# Dry days



## de Mexicaan (Apr 16, 2012)

Hello,
I am planning to have a dinner outside tonight and would prefer to have some beers or wine with it. Apparently it is/was a dry day for Israa & Miaraj Night.
Anybody knows at what time alcohol will be served again?

Also, is there a list of islamic days that are dry days in Dubai? Did not manage to find it sofar.

Thanks!


----------



## Brav0 (Feb 11, 2013)

de Mexicaan said:


> Hello,
> I am planning to have a dinner outside tonight and would prefer to have some beers or wine with it. Apparently it is/was a dry day for Israa & Miaraj Night.
> Anybody knows at what time alcohol will be served again?
> 
> ...


Hi I am not sure about providing you a list, as I think dont think they follow a set pattern each year (like they do in the UK)

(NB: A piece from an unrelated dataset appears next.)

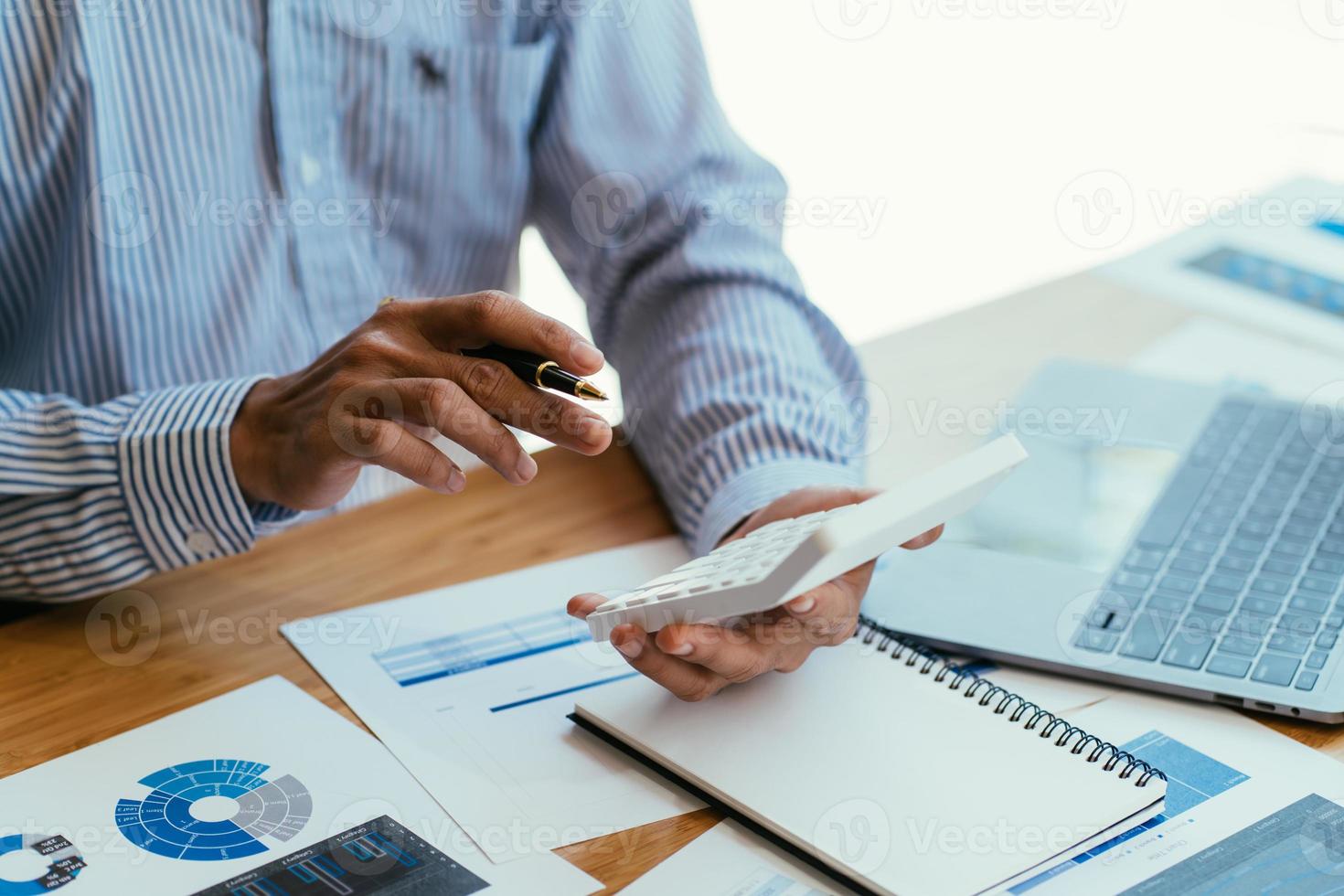 Business accounting concept, Business man using calculator with computer laptop, budget and loan paper in office. photo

My partner works in a hotel and they stopped serving alcohol last night at 7pm and I believe they start again at 8pm tonight 

So as long as you go out for dinner at 8 tonight you should be ok, although I would guess a lot of people will do the same 

Hope this helps

JT


----------



## de Mexicaan (Apr 16, 2012)

I think I will go tomorrow, with our 3-yo daughter we have to go early.


----------



## JF777 (Jun 6, 2013)

Just google the UAE public holidays for the year. Other than the National day + New Years, rest all are religious holidays. So keep your stock handy. Good luck


----------



## de Mexicaan (Apr 16, 2012)

JF777 said:


> Just google the UAE public holidays for the year. Other than the National day + New Years, rest all are religious holidays. So keep your stock handy. Good luck


Thanks. I am never out of stock  but it is disappointing if you go out for a drink on a public holiday and all you get is a fruit juice.


----------